Prospect Theory, Bias, and Chalk: Our 2017 March Madness Wrap

By in Sports

Congrats to the First Place Loser

Let’s start off in the obvious place: Mike Philbrick, the poor-man’s Gronkowski, went wire-to-wire in last place.

That makes us happy, and so first and foremost, we come to bury him.

It’s entirely his fault.  We know because the scoring rules were such that, assuming public betting markets are reasonably good proxies for the true odds of a team winning a particular game, every bracket from the most sophisticated strategies to the purely random should have had the exact same total expected return, and hence an equal chance of victory.
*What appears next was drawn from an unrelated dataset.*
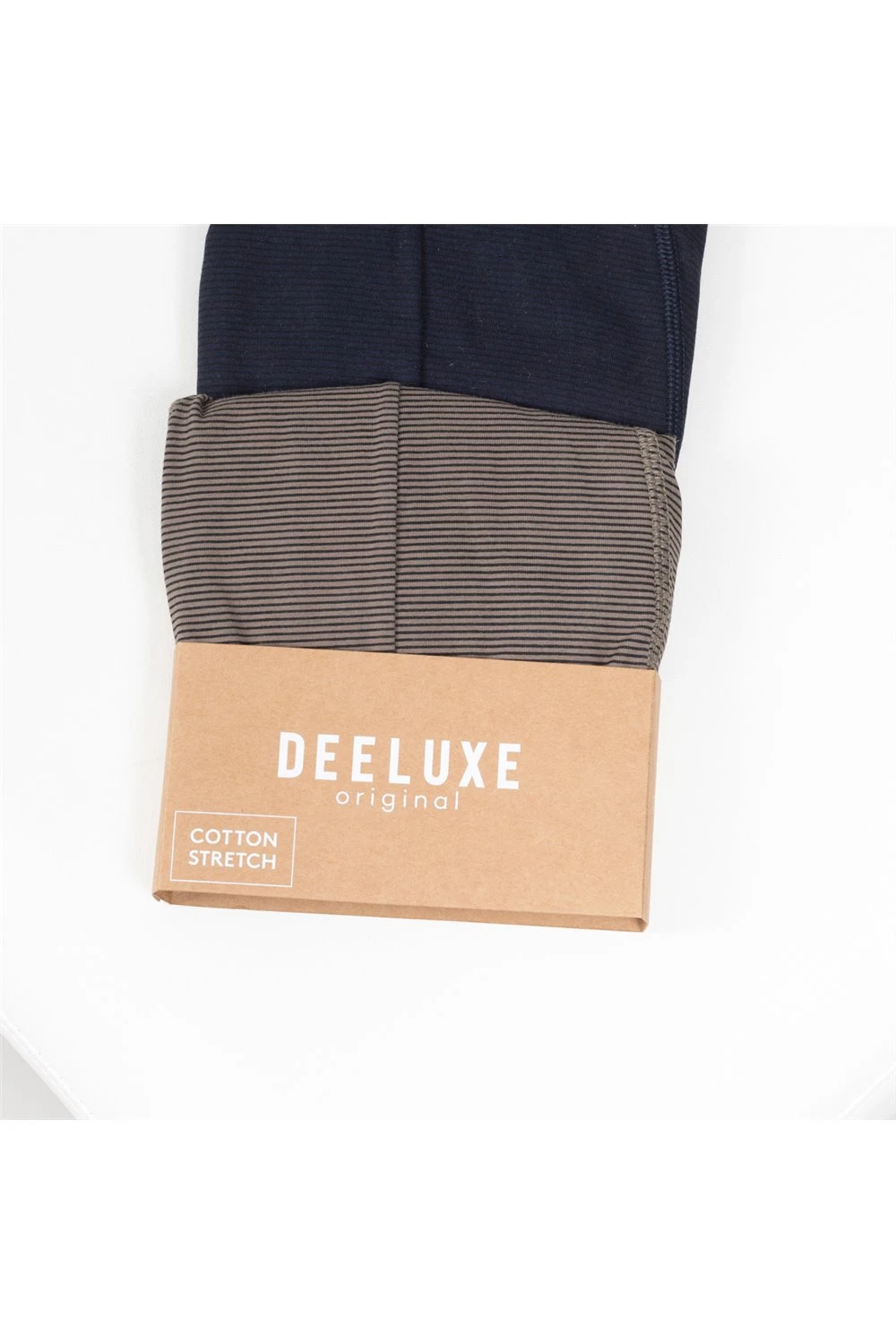 Accessoires PLot De 2 Boxers Rayés/pBoxer TOMKINS 3 Accessoires PLot De 2 Boxers Rayés/pBoxer TOMKINS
The rules were set this way in order to maximize the odds that skill would emerge, and so to whatever extent we were successful in doing that, Mike has none.

Source: mysticalpha

Sample Size is Small No Matter What

If Mike can scramble for one dignity-sparing life preserver, it would be in this message that Adam Butler posted to our internal chat system after the second round table was posted:

LOL that Dan Adams (last year’s winner) and MP (last year’s 2nd or 3rd place right?) are in a dead heat for this year’s last place. If there was ever a signal that this whole concept is a racket, this is it… hilarious.

It’s worth mentioning that Adam didn’t even submit a bracket this year due to a taupe-colored and carboard-flavored aversion to whimsy.   As he posed to me during the editing of this very article, “Why not flip a coin 63 times and have people guess the sequence?”
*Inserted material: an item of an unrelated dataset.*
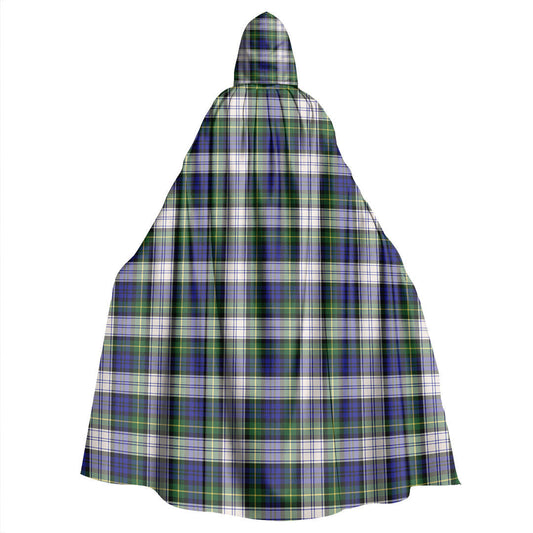 Gordon Dress Modern Tartan Plaid Hooded Cloak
Ridiculous though it may seem, he does have a point: while our rules were designed to maximize sample size, the largest possible sample size is capped at 63 (the total number of games in the tournament).  Unfortunately, even in our system, legacy errors still exist, and as we’ll discuss below, your entries still displayed remarkable bias, making the effective sample size considerably less than 63.  Even under ideal conditions – which our bracket challenge did not achieve – the sample size for March Madness is small enough that the outcome in any single year will appear lottery-.

Investing is different because we have the opportunity to apply strategies repeatedly over a long period of time.  While the outcome of any short-term investment sub-period may have characteristics of randomness, over many repetitions patterns emerge.  This opportunity isn’t available in March Madness, but unlike Adam’s assertion that this makes the entire thing a “racket,” the less sports-averse among us took this as the fundamental issue necessitating the largest sample size possible.  After all, the larger the sample size, the less random the outcome.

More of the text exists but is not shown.